Ten sections that deal with the history, processing, production technology and cultural role of pasta. A charming journey through tradition that has changed over time to become what we know today, still anchored to an authenticity rooted in the past.
What the museum, of which Barilla has been a key supporter, wanted to create was a homage to pasta, to the fact that it is part of the Italian DNA and its national culinary expression.
PASTA MUSEUM: ITS 10 SECTIONS
The first section is dedicated to wheat with its different features, but also to its growing methods represented by written texts, models and old farm tools.
The second section talks about milling showing the various types of mills with models and old equipment.
The making of fresh pasta at home is the protagonist of the third section.
Dry pasta and its production are told in the fourth section, thanks to the presence of a true industrial pasta plant dating back to the first half of the Nineteenth century.
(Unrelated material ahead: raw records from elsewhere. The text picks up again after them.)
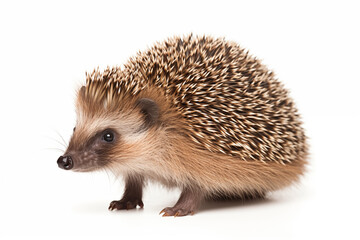 Obraz premium Hedgehog over isolated white background. Animal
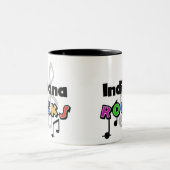 Tasse 2 Couleurs Roches de l'Indiana (Centre)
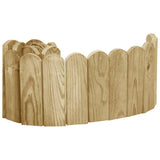 vidaXL Rouleaux de bordure 3 pcs 120 cm bois de pin imprégné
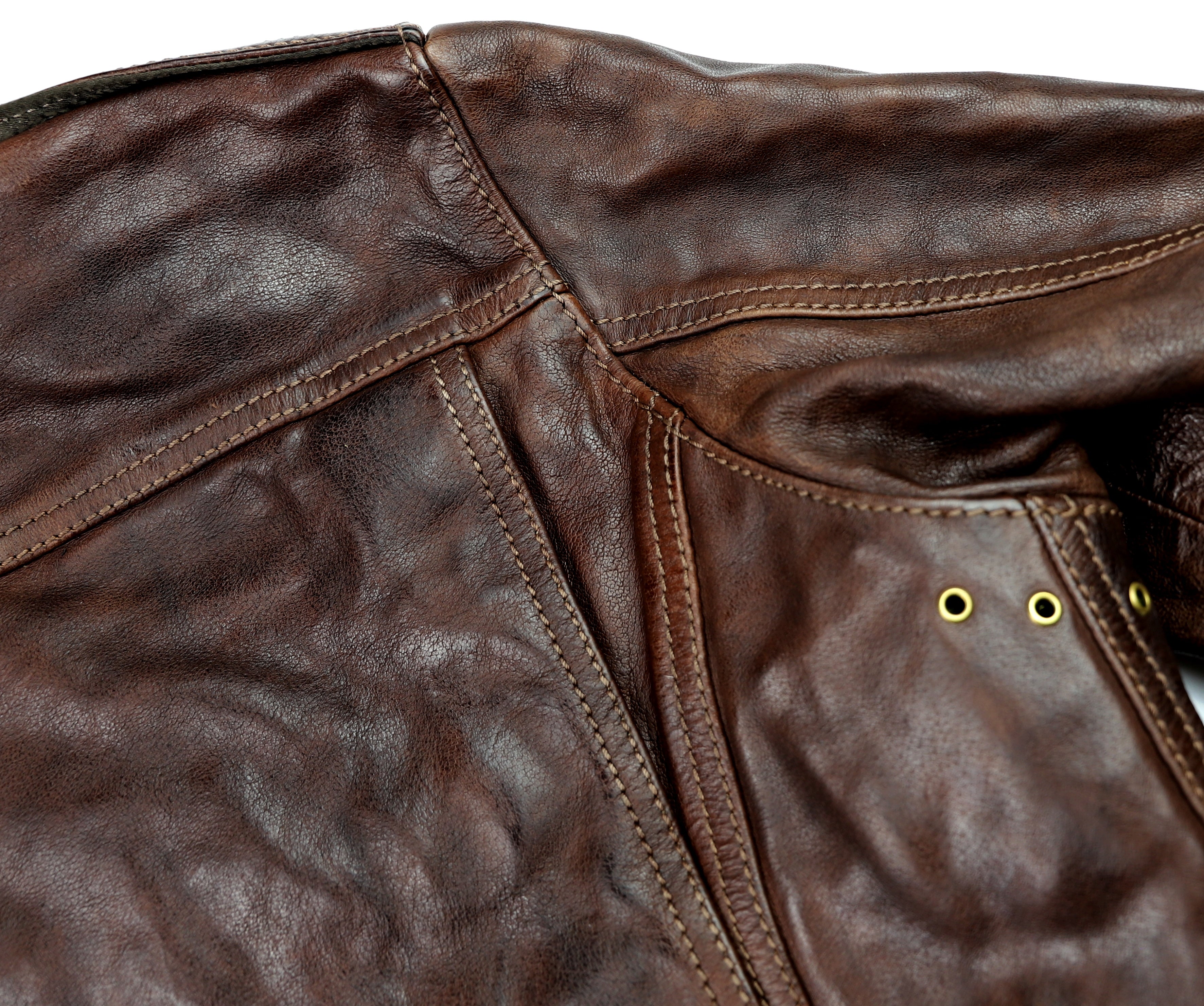 Thedi Atlas Deluxe Half Belt, size Medium, Hand Dyed Cocoa Buffalo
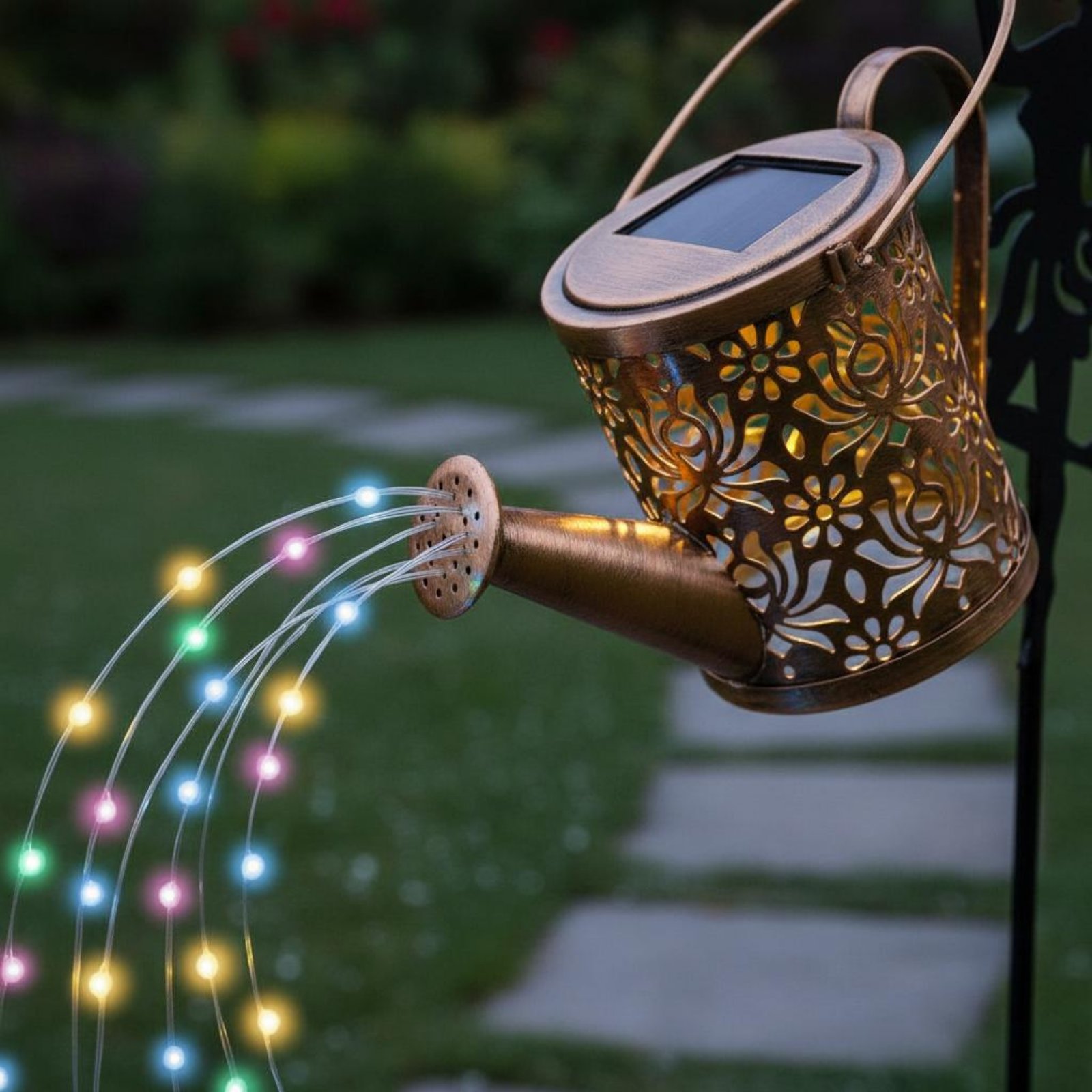 Solar Fairy Watering Can Light - đánh giá và giá Outdoor Lighting Yard Decoration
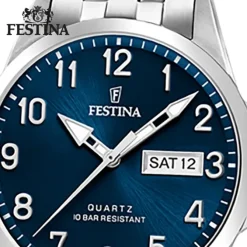 Festina Herren Armbanduhr Klassik F20357/C Quarz Edelstahl silber UF20357/C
A journey that continues as far as the sixth section that describes the innovations of technology through perfectly refurbished equipment.
The seventh section shows the dies to explain how more than one hundred types of pasta are shaped. Then pasta communication follows in the eighth section featuring prints, documents, graphic layouts and billboards.
The gastronomic section with recipe books and pairing suggestions for pasta shapes and sauces. Finally, it is pasta in art and culture that closes this charming overview.